There are perhaps two world views that suggest that the trust fund balance could pay for future benefits all by itself.  One view is that the trust fund holds Treasury securities, which are backed by the full faith and credit of the United States of America.  Of course, paying benefits using those Treasury securities requires that the securities are sold to the public, who probably would see no difference between securities sold by the trust fund and securities sold by the Treasury.  The second view is that the trust fund has been raided by past Congresses and Presidents, and that the thieves should be tracked down and required to make restitution.  However, the true beneficiaries of those raids, through lower taxes and higher spending than otherwise would have been possible, were all of us.  It sounds like a general tax increase or spending cut to me.

Those who hold either or both of those world views will not be persuaded otherwise.  But there is one legal issue that might suggest to a wider audience that we should steer well clear of exhaustion of the trust fund – that is, to address and fix the program shortfall early.  Commentators say blithely that if the trust fund is exhausted, then benefits must be cut back to the amount of tax revenues flowing in – which under this year’s Trustees’ report would require a 21 percent benefit cut in 2034.  But consider the consequences.

First of all, forecasts through 2034 are not necessarily precise.  Bad news could create problems sooner.

And second, although there is no question that benefits would have to be cut upon exhaustion of the trust fund, no one really knows how that would be accomplished.  It never has happened before, and the law is not specific.  Some people I know say that the law does not authorize distributing checks for less than the actual benefit amounts prescribed, and that therefore full payment checks would have to be held until the tax revenue came in to cover them.  In other words, checks would go out in full, but would be increasingly late over time.  Others disagree, but the best informed voices I hear confess that they cannot say for sure.

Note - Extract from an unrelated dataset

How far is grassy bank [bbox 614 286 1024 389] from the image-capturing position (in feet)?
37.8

Finally, when the typical citizen hears about an across-the-board reduction in benefits because of the exhaustion of the trust fund, he or she probably thinks in terms of a cut in benefits for new retirees as of that date.  Nope.  The benefit reduction would have to apply to all retirees at that time – including the proverbial 85-year-old widow in the walk-up cold-water flat.  If the Congress in 2034 somehow could summon a consensus to restrict the benefit cut to new retirees at that time, the cut would have to be much greater than 21 percent.

There are many compelling economic arguments why we should deal with the Social Security funding issue soon.  But even for those who are inclined to believe that Social Security is somehow immune to the laws of physics, there are human reasons as well.  Current and future retirees would be better off, in both financial and peace-of-mind terms, if we could avoid running the trust fund into the ground.